In the diagram, the long-run Phillips curve is the vertical red line. The NAIRU theory says that when unemployment is at the rate defined by this line, inflation will be stable. However, in the short-run policymakers will face an inflation-unemployment rate tradeoff marked by the "Initial Short-Run Phillips Curve" in the graph. Policymakers can therefore reduce the unemployment rate temporarily, moving from point A to point B through expansionary policy. However, according to the NAIRU, exploiting this short-run tradeoff will raise inflation expectations, shifting the short-run curve rightward to the "New Short-Run Phillips Curve" and moving the point of equilibrium from B to C. Thus the reduction in unemployment below the "Natural Rate" will be temporary, and lead only to higher inflation in the long run.
Since the short-run curve shifts outward due to the attempt to reduce unemployment, the expansionary policy ultimately worsens the exploitable tradeoff between unemployment and inflation. That is, it results in more inflation at each short-run unemployment rate. The name "NAIRU" arises because with actual unemployment below it, inflation accelerates, while with unemployment above it, inflation decelerates. With the actual rate equal to it, inflation is stable, neither accelerating nor decelerating. One practical use of this model was to provide an explanation for Stagflation, which confounded the traditional Phillips curve.

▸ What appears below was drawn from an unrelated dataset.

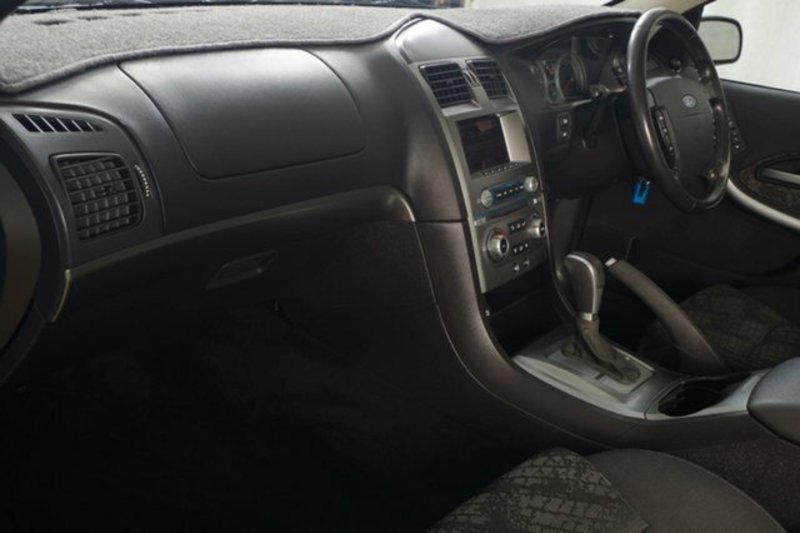 2006 FORD FALCON XR6 BF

The rational expectations theory said that expectations of inflation were equal to what actually happened, with some minor and temporary errors. This in turn suggested that the short-run period was so short that it was non-existent: any effort to reduce unemployment below the NAIRU, for example, would immediately cause inflationary expectations to rise and thus imply that the policy would fail. Unemployment would never deviate from the NAIRU except due to random and transitory mistakes in developing expectations about future inflation rates. In this perspective, any deviation of the actual unemployment rate from the NAIRU was an illusion.
However, in the 1990s in the U.S., it became increasingly clear that the NAIRU did not have a unique equilibrium and could change in unpredictable ways. In the late 1990s, the actual unemployment rate fell below 4 % of the labor force, much lower than almost all estimates of the NAIRU. But inflation stayed very moderate rather than accelerating. So, just as the Phillips curve had become a subject of debate, so did the NAIRU.
Further, the concept of rational expectations had become subject to much doubt when it became clear that the main assumption of models based on it was that there exists a single (unique) equilibrium in the economy that is set ahead of time, determined independent of demand conditions. The experience of the 1990s suggests that this assumption cannot be sustained.